Why we remember suffragette Minnie Turner

As seen on Brighton and Hove News by Jean Calder


November is the month of remembrance. Last week we remembered the horrors of Kristallnacht and World War. This week our city will commemorate the suffragettes and suffragists, who in 1918 won the right to Vote for 8.4 million women – in many cases sacrificing their livelihoods, their health and in some cases their lives.

This Saturday, Brighton Museum will open its first suffrage display. On Saturday evening St George’s Church in Kemp Town will host a concert “Vote 100: Celebrating Women Composers”.

Then on Sunday at 2pm, well-known local suffragette Minnie Turner will be commemorated by the unveiling of a plaque at 13 Victoria Road, Brighton, formerly the Sea View boarding house, and her home from about 1910.

Juliet Smith, the Deputy Lieutenant of East Sussex, and the Mayor of Brighton and Hove Councillor Dee Simson will be present. The address will be given by historian Professor Carol Dyhouse, of Sussex University.

The plaque was proposed by the Brighton and Hove Women’s History Group (WHG), which is campaigning for recognition for local suffragists and suffragettes. It will be the first plaque of its kind in Brighton and is funded by Brighton and Hove City Council.

The WHG proposed this date for the unveiling to commemorate the notorious events of Black Friday on 18 November 1910, when suffragettes were subjected to six hours of brutal beating and sexual assault outside Parliament.

Minnie Turner was born on 6 May 1866 in London, later moving to Preston Street in Brighton. A woman of limited means, she became a successful small business woman and activist.

She was honorary secretary of a branch of the Brighton Women’s Liberal Association and a member of the National Union of Women’s Suffrage Societies (NUWSS).

However, in 1908, frustrated at the government’s refusal to grant women the vote, she joined the militant Women’s Social and Political Union (WSPU).

Minnie ran her boarding house as both holiday destination and refuge for suffragettes recovering from imprisonment, hunger strikes and forcible feeding, advertising in suffragette newspapers, where she offered rest cures, home-made bread and “meals served in the garden”.

She kept a suffrage lending library, which was available to guests and local members of the WSPU. Sea View became a hub for the suffrage movement in the south east of England.

Minnie recalled with pride that “more of our leaders, speakers, Cat and Mouse prisoners etc. have stayed with me than in any other home”.

Guests included Emmeline and Christabel Pankhurst, Annie Kenney, Flora Drummond, Mary Naylor, Ada Wright, Lady Constance Lytton, Emmeline Pethick-Lawrence, Vera Wentworth and Emily Wilding Davison who in July 1912, came to recuperate after a terrible period of imprisonment.

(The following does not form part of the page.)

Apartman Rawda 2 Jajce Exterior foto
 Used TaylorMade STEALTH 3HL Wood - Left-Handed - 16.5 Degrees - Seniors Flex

Emmeline Pankhurst’s sister Mary Clarke lived at Sea View while working as Brighton’s WSPU organiser and in late November 1910 she and Minnie were arrested outside the House of Commons. They were protesting about police violence at the Black Friday march, which they had both attended.

Minnie was freed but Mary was imprisoned. Mary died of a brain haemorrhage on Christmas Day 1910 – two days after her release from prison – almost certainly due to violence and forcible feeding.

There is no record of Minnie’s response to this tragic loss but her commitment remained undiminished.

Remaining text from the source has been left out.